Regarding laboratory values, serum albumin, transferrin, and total cholesterol are known as biomarkers of prognosis, and of nutritional and inflammatory status. Data showed that higher levels of albumin and transferrin were correlated with longer survival.
This study has some limitations. This is a retrospective study and therefore collected data are dependent on the accuracy of clinical files. In addition, individuals were not randomized and there was no control group to compare survival between patients who underwent gastrostomy and those who did not. Lastly, serum albumin, transferrin, and total cholesterol levels may also be influenced by multiple factors besides nutrition, as they are negative acute phase reactants.

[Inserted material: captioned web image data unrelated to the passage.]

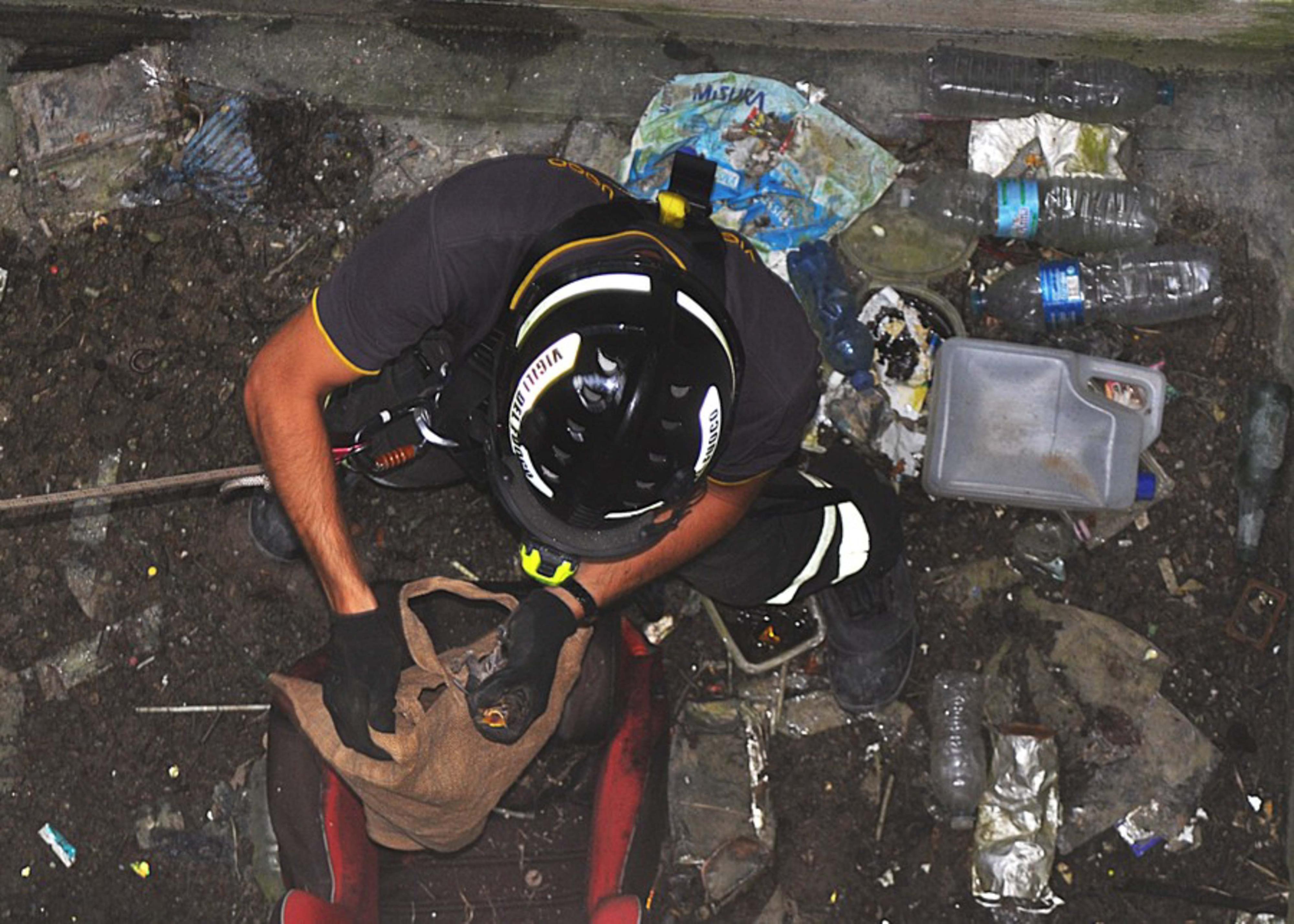 San Casciano Val di Pesa, i vigili del fuoco salvano un merlo nello scannafosso di un parcheggio San Casciano Val di Pesa, i vigili del fuoco salvano un merlo nello scannafosso di un parcheggio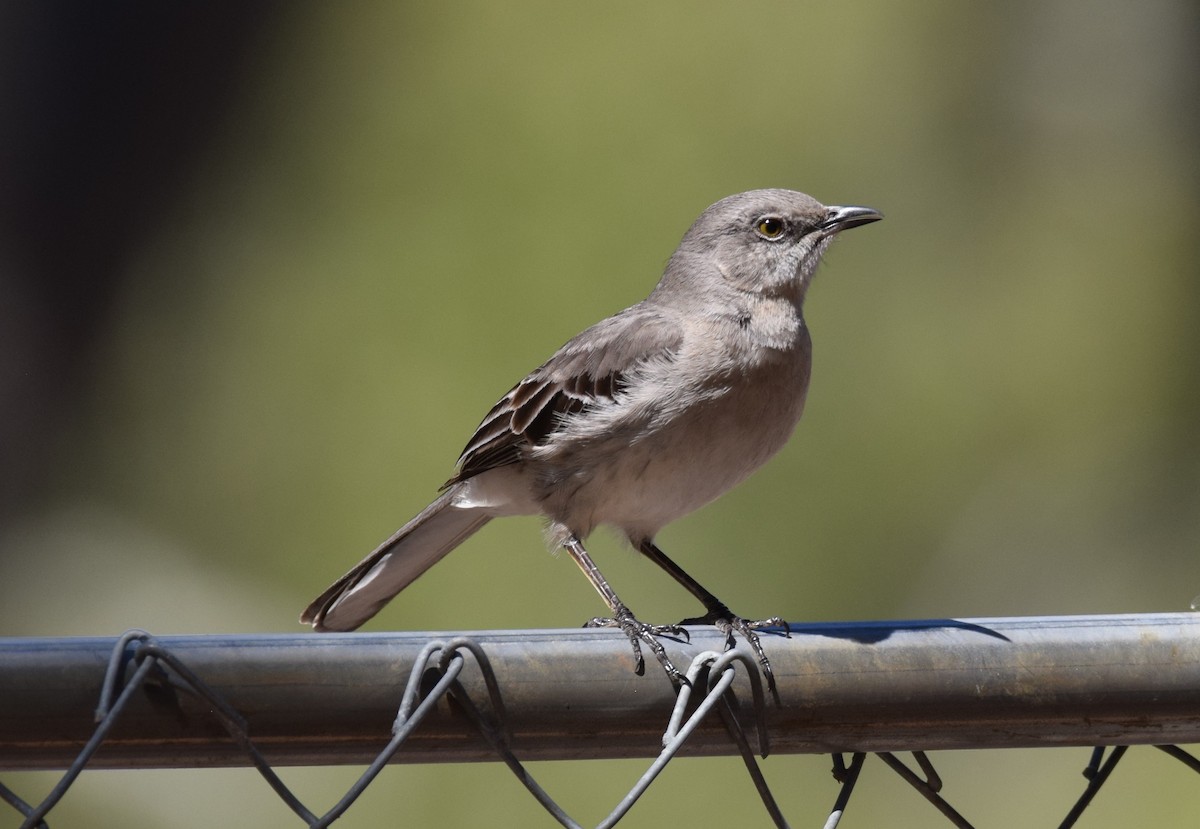 Northern Mockingbird - ML421596111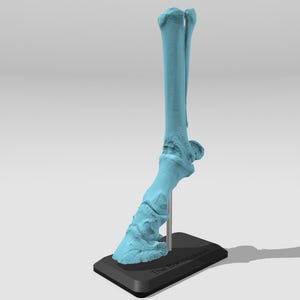 May include: A light blue anatomical model of a horse's lower leg and hoof, mounted on a black base.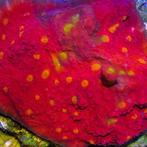 Chalice Golden Eye Frag (Ong. 3 cm)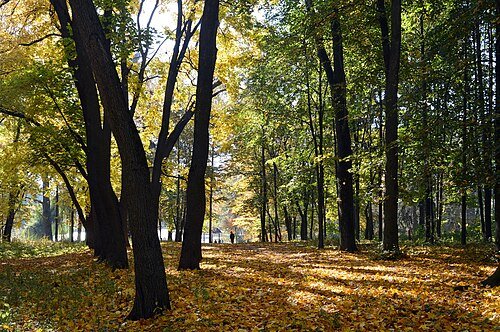 Веретенівський парк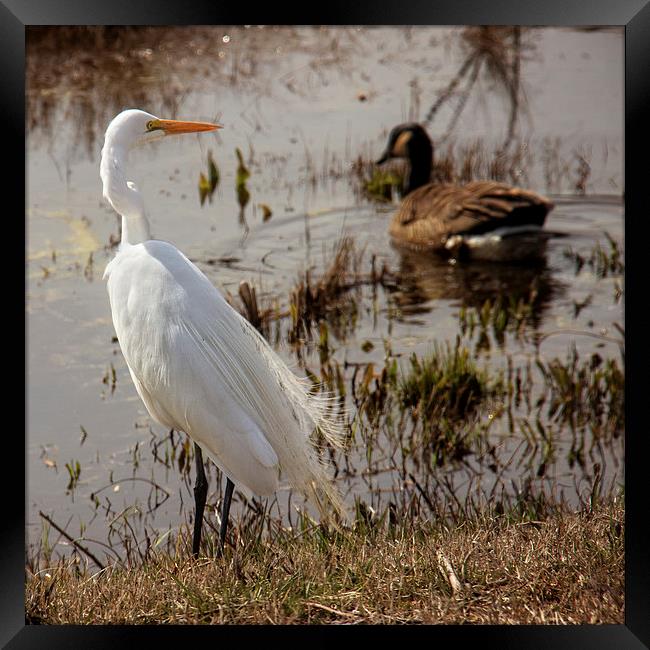  Egret by the Water Framed Print by Tom and Dawn Gari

Our results show that established malnutrition prior to gastrostomy is associated with poor survival in patients with EC. In spite of the limited data regarding EC patients and that a majority of studies have examined the usefulness of PEG for aerodigestive cancer (4,10,11), including head and neck cancer (14-17), our experience demonstrates that whether EC patients are selected for curative or palliative treatment, PEG should always be considered to improve nutritional status since these patients have a significant survival expectancy.
CONCLUSION
Patients with EC have a poor prognosis and high mortality rates. In our experience, survival after endoscopic gastrostomy is substantial, and PEG is a feasible and safe procedure in this clinical setting. A better nutritional status at admission with a higher BMI, and higher serum albumin and transferrin levels, predicts a better outcome. Based on our results we recommend early enteral feeding through PEG for EC patients undergoing curative treatment and also in the palliative setting when esophageal stents cannot be placed or are insufficient to maintain nutritional status.